If you’ve heard the term ‘range anxiety,’ the concern whether you have enough charge to get to your destination, I can tell you it’s real. I’ve felt it occasionally.
I do agree with the WDIV Insider poll that we need a better charging infrastructure; especially now that more auto companies are coming out with their own EVs and the market is getting more competitive.
Tesla has an advantage with its Supercharger system. The company says it has “over 30,000 Superchargers worldwide, with six new locations opening every week.” And it’s easy to navigate to them. You simply build your charging stops into your route and the time to charge is similar to the time you would take to stop for lunch. In fact, Tesla says you can charge up to 200 miles in about 15 minutes. I would say that’s the case nearly every time we stop. While it does add to your overall drive time, it’s not enough in my opinion to make it a deal breaker.
Spring Break 2021 we traveled to Gatlinburg, Tennessee for our family vacation. That was the furthest we ever traveled with the Tesla. From metro Detroit to Gatlinburg, we had to make three charging stops, none of them longer than 30 minutes to get us to the cabin we rented.
We did encounter a challenge once we arrived, the closest Supercharger was nearly an hour away because of the mountainous roads. We didn’t want to spend that kind of time driving to charge the car, so we decided to plug our car into the home we were renting. The charging was slow but gave us enough “juice” for all our daily adventures. We did not need a Supercharger again until we left town at the end of the week.
That trip sold me on owning an electric car as a way of life. It was also the first trip where we noticed the Superchargers filling up, with some drivers having to wait their turn to charge up. It is exciting to see more people driving electric however does make me concerned about the infrastructure catching up with demand.
As a family, we think differently now when it comes to driving. When we plan a trip, we ask ourselves where and how will we charge when we get there? We look to see if the lodging options offer EV charging.
This summer we camped at a Michigan State Park and we plugged the car in at the campsite. At my parents’ home, we plug into the outlet in their garage if we’re staying overnight. And thankfully a Supercharger is never too far away.
My husband has not been to a gas station in three years and five months. He has not had to get an oil change. The maintenance so far has been tires, only. Eventually there will be brake work. When I’m standing outside my car at a gas station in the cold February wind, I’m jealous he no longer has to make getting gas a regular part of his routine.
Back to that first solo road trip, last September, my son and I were heading up to Traverse City for a soccer tournament. I could have taken my car, but I wanted to take my husband’s Tesla. I looked up the Supercharging stations to make sure there was one in Traverse City because our hotel did not offer EV charging and found one at a Meijer.
Many of them are at Meijer.
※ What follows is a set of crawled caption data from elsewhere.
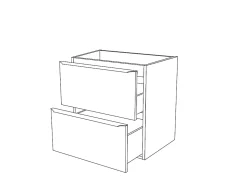 Meuble sous vasque suspendu gris brillant l.60 x H.60 x P.45 cm, GoodHome Imandra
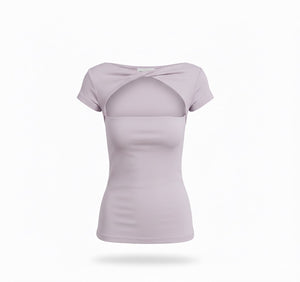 Aeris Twist-Front Cutout Tee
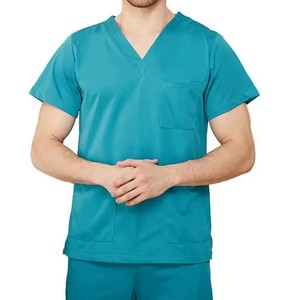 Uniformes de gommage d'infirmière médicale 3 poches pour le personnel hospitalier, vêtements hauts en coton imprimé noir, nouveaux modèles Offre Spéciale - Product Image 2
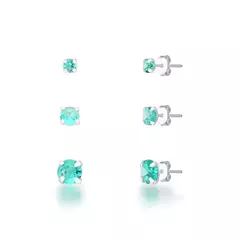 Trio de brincos redondo zircônias colors - comprar online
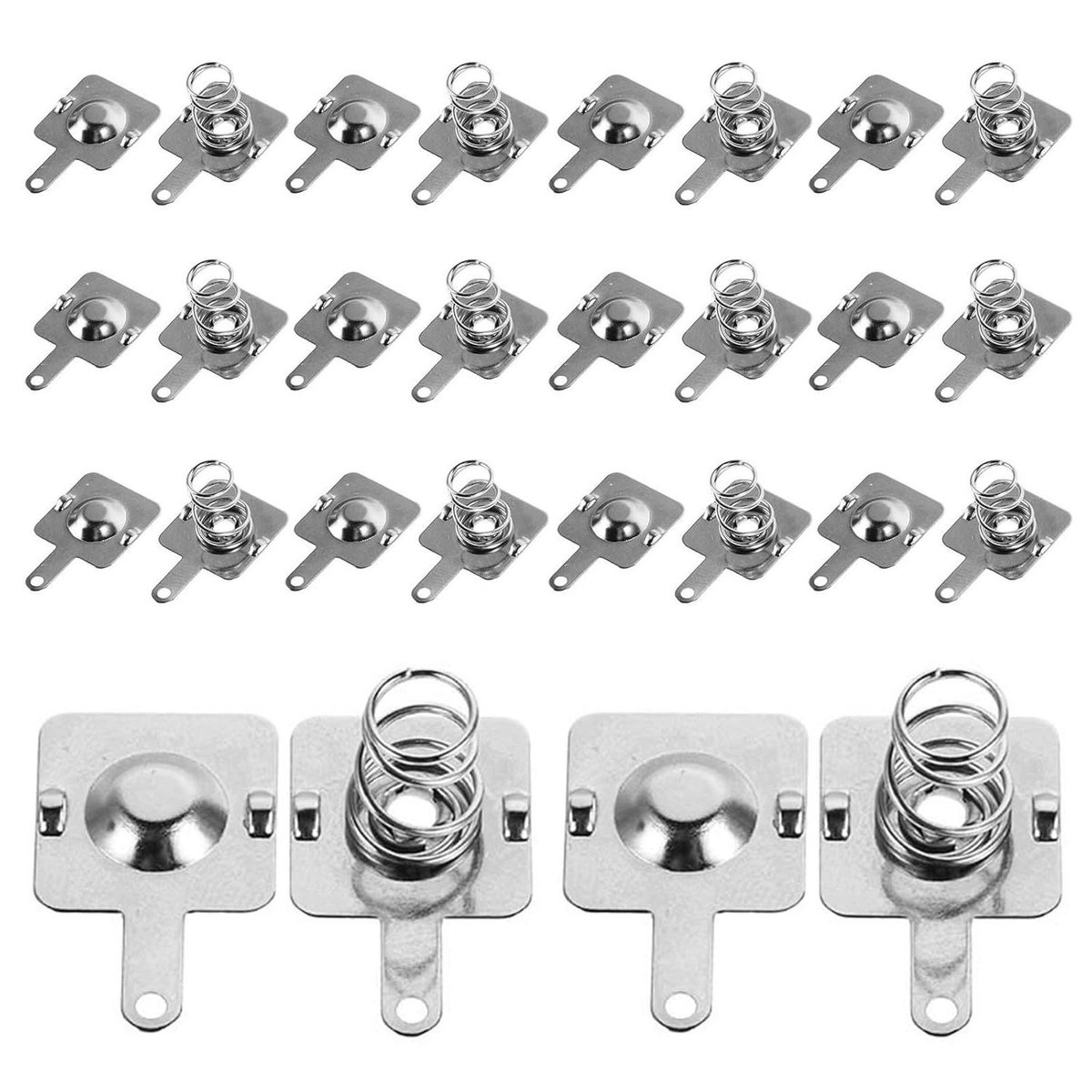 Batterijveercontacten - Veerplaten batterijen - Elektronica Reparatie - Hoge Geleidbaarheid - 30 Sets - Zilver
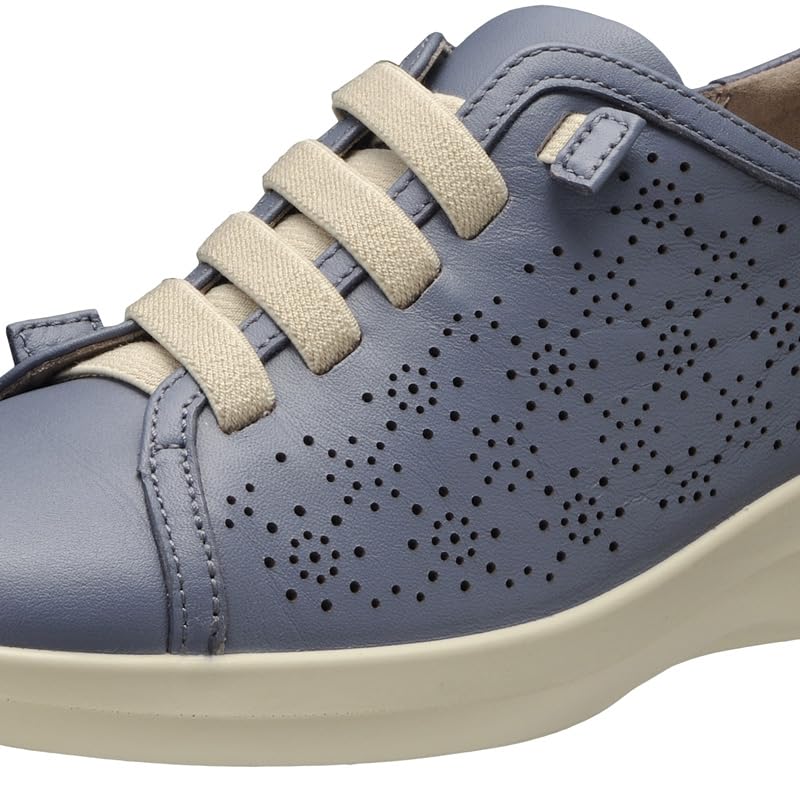 Walking shoes made of genuine leather with elastic easy to walk for blue cm [Achilles Sorbo] laces, in, women, 3E, 5580, ASC, 5590, gray, 24.5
We have stopped many times at the Supercharger in Bay City on the way Up North and grabbed a bite at the nearby Culvers or ran inside to Meijer for the bathrooms and some odds and ends.
This was my first time venturing out solo with the car. It was fun. The Model 3 is a great ride.
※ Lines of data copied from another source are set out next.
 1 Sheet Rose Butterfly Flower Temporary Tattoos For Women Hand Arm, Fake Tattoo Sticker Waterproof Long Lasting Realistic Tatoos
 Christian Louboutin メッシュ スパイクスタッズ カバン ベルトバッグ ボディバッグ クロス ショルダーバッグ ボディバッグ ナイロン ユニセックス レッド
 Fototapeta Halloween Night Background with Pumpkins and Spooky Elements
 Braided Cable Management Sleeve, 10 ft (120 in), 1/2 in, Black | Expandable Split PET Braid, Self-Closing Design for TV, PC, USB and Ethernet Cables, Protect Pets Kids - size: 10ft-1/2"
I can tell you we made it there and back with no problems, but I did learn a few things. First, don’t assume you know where the Superchargers are, you need to map it out.
I went on memory to get to the Traverse City Meijer instead of mapping it out. When I got there, there was no Supercharger station. I had a small panic attack that there was no Tesla Superchargers in Traverse City. Thankfully I had just gone to the wrong Meijer.
Second, go with your gut. On our return trip, Tesla had me arriving home with just a 10 percent charge. I figured it would be OK, but I still stopped to charge an additional time just in case … I’m not quite over the range anxiety yet. But I’m getting there. Next time I’m going to trust the 10 percent.
And I highly recommend the Yacht Rock … a friend and coworker turned me onto it right before the trip.